The fun started at 11 a.m. both days and went well into the night, with activities designed to not only entertain, but also teach people about Irish traditions and customs.
Fort Myers resident John O’Connor is decked out on Saturday at this past weekend’s Irish Festival in Cape Coral. More photos are available online at: cu.cape-coral-daily-breeze.com.
"It's about keeping Irish tradition alive and showing it to the people of Cape Coral and developing our report," said Joe Cobb, event chairman. "Some people from Ireland decided to open a club that showed where we came from and what our ancestors did in a social environment."
Over the 10 years, the event, which started less than two years after the 2003 founding of the club, has grown from a few tents at the Cultural Park, to one of the bigger ethnic celebrations in the city once it moved to the GASC five years ago.
Among the featured performers were the Screaming Orphans, The Dublin City Ramblers, West of Galway and Celtic Stew, as well as the Lee County Pipe & Drums, which performs all over Southwest Florida, particularly this time of year as St. Patrick's Day draws near.
"We're doing the Naples Parade, Fisherman's Village, the Beach Parade and we've done this for five years," said George Cook of the Pipes & Drums, which gave three performances throughout the weekend. "It's perfect; a very good venue and appreciative crowd."

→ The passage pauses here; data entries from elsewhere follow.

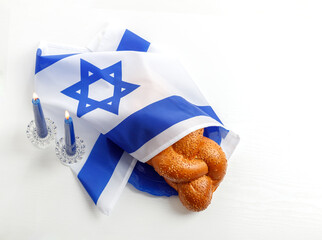 Challah bread covered with the Israeli flag, burning blue candles against a white background. Traditional Jewish Shabbat ritual. Shabbat Shalom.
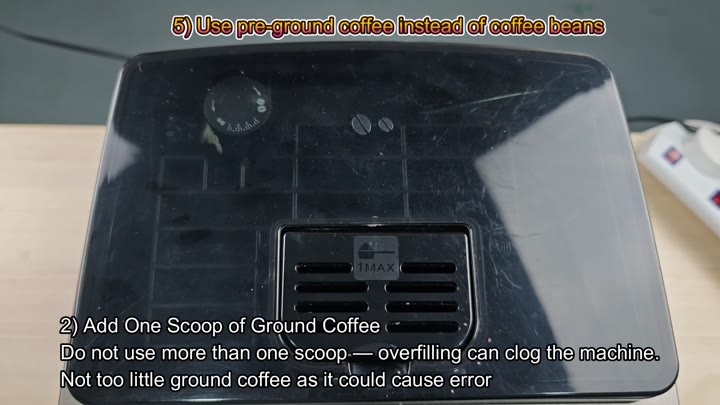 Adding pre-ground coffee scoop to machine Adding pre-ground coffee scoop to machine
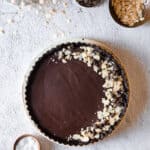 A paleo chocolate tart topped with almonds.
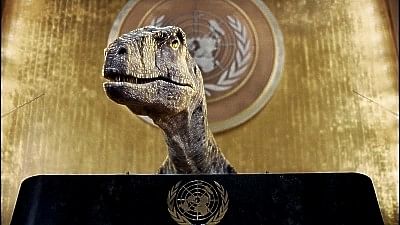 <div class="paragraphs"><p>Dinosaur at COP15 urges more climate action from global leaders.</p></div>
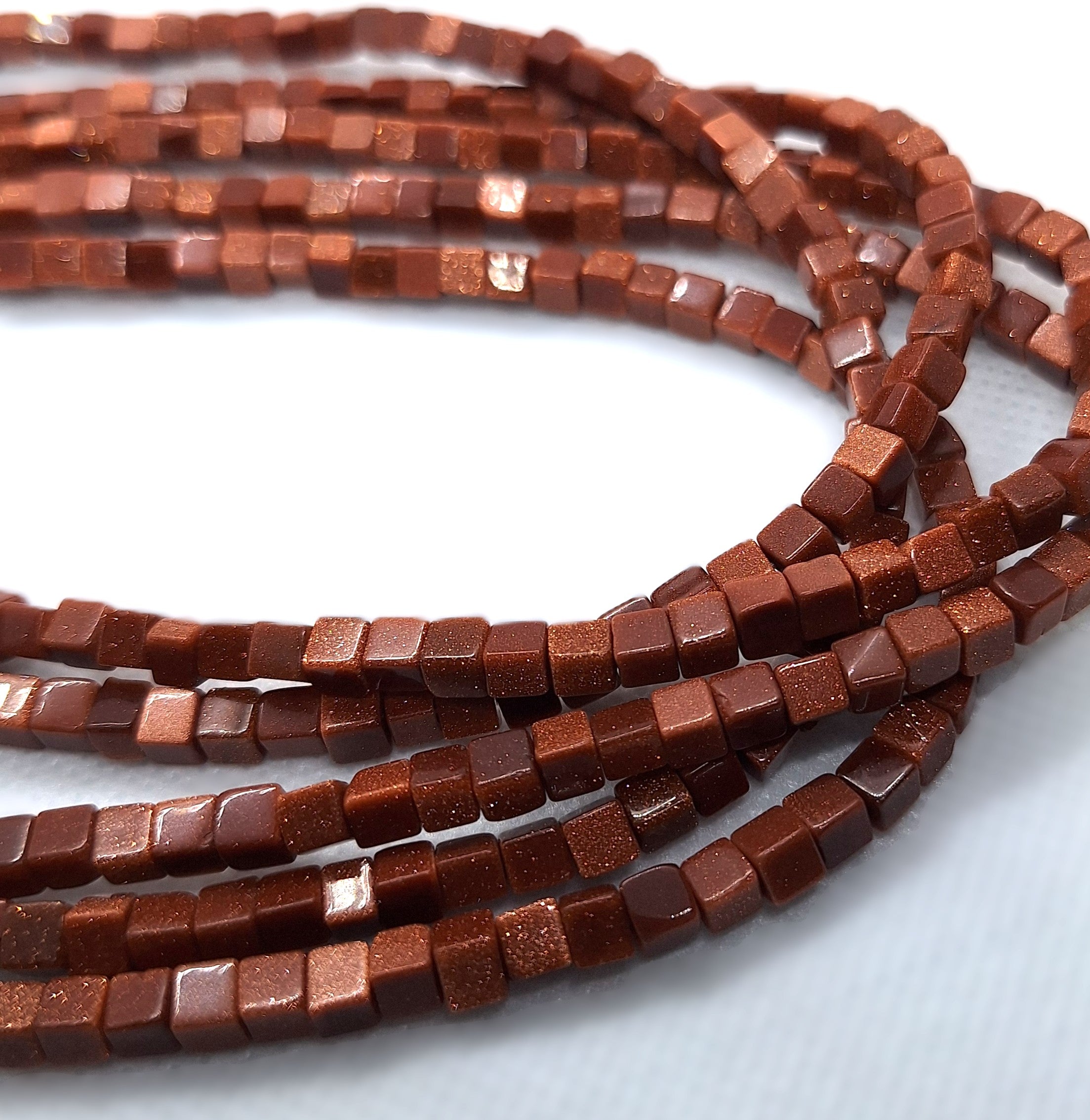 4mm Goldstone Cube Gemstone Beads 16-Inch Strand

Also on hand were numerous dance studios that gave Riverdance-style exhibitions for the multitudes in colorful traditional Irish costumes.
Jaime Knaub, an instructor at Kellyn Celtic Arts Dance Academy, and her group were getting ready for their big performance of Irish and Scottish dancing.
"Irish dancing is more rigidly structured. It's become a more rigorous art form," Knaub said. "Irish dancing is very big these days because of the rhythm. You hear that beat and you want to dance."
Tir Na Nog Irish Dance Academy danced on Sunday.
For the food lovers, they had traditional favorites like corned beef and cabbage, potato pancakes and shepherd's pie, along with many types of Irish ale.
There were also other activities such as free activities for children like face painting, crafts, dance lessons and a vendor where people could check on their genealogy, Cobb said, as well as clothing and jewelry.
Sunday's activities kicked off with a Roman Catholic Mass, and there were numerous raffles throughout the weekend.
Most of the revelers came in the best green they can find, and came from miles around to attend, some more than once.
"It's perfect. I've been to it a number of years," said Jim Tracy, who winters here from Wisconsin. "The music is great. I'm going to come for church tomorrow and stay a while."
Dee Hayes and her husband, Vick, snowbirds from New Jersey, said this is their seventh year attending.
They said it was the music, people and food that brings her and her husband back.
"The entertainment is great. The Screaming Orphans are terrific and West of Galway is the best," Vick said. "We meet people from all over the place."
"By the end of the day we're best friends and we have a good time," Dee said. "It's nice that you see a lot of families. That's really what it's all about."